Search code examples
haskellhappy

syntax happy parser meaning


I have this grammar section in a happy parser, given on the Happy official site, but I need some deeper explanation of the meaning of the rules in brackets. Here is the token definition

%token 
      let             { TokenLet }
      in              { TokenIn }
      int             { TokenInt $$ }
      var             { TokenVar $$ }
      '='             { TokenEq }
      '+'             { TokenPlus }
      '-'             { TokenMinus }
      '*'             { TokenTimes }
      '/'             { TokenDiv }
      '('             { TokenOB }
      ')'             { TokenCB }

and here the grammar section

Exp   : let var '=' Exp in Exp  { Let $2 $4 $6 }
          | Exp1                    { Exp1 $1 }

Exp1  : Exp1 '+' Term           { Plus $1 $3 }
      | Exp1 '-' Term           { Minus $1 $3 }
      | Term                    { Term $1 }

Term  : Term '*' Factor         { Times $1 $3 }
      | Term '/' Factor         { Div $1 $3 }
      | Factor                  { Factor $1 }

Factor            
      : int                     { Int $1 }
      | var                     { Var $1 }
      | '(' Exp ')'             { Brack $2 }

What I understand is that the lexer, defined below in the file, should produce tokens only of the type definined and then build the parse tree using the grammar. But what exactley mean "{Let $2 $4 $6}"? I know that $2 refers to the second rule argument and so on but if someone can give me a "human read version" of the rules I would be really happy. Hope I've been clear.

Thanks in advance.


Solution

  • In the %token section the left column is the token names used elsewhere in the grammar, and the right is a pattern that can be used in a case statement. Where you see $$ Happy will substitute its own variable. So if the resulting parser is expecting an Integer at some point then Happy will have a case statement with a pattern including TokenInt v1234 where the v1234 bit is a variable name created by Happy.
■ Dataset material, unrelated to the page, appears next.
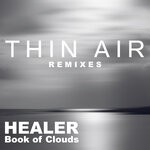 cover: Healer - Book Of Clouds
    The "Let" is the constructor for the grammar expression being recognised. If you look a little lower in the example page you will see

    data Exp  
        = Let String Exp Exp
        | Exp1 Exp1
        deriving Show
    

    So the Let constructor takes a string and two sub-expressions (of type 'Exp'). If you look at the grammar you can see that there six elements in the let rule. The first is just the constant string "let". That is used by the generated parser to figure out that its looking at a "let" clause, but the resulting parse tree doesn't need it. So $1 doesn't appear. Instead the first argument to the Let constructor has to be the name of the variable being bound, which is the second item in the grammar rule. Hence this is $2. The other things are the two sub-expressions, which are $4 and $6 by the same logic. Both of these can be arbitrarily complex expressions: Happy figures out where they begin and end and parses them by following the other rules for what constitutes expressions.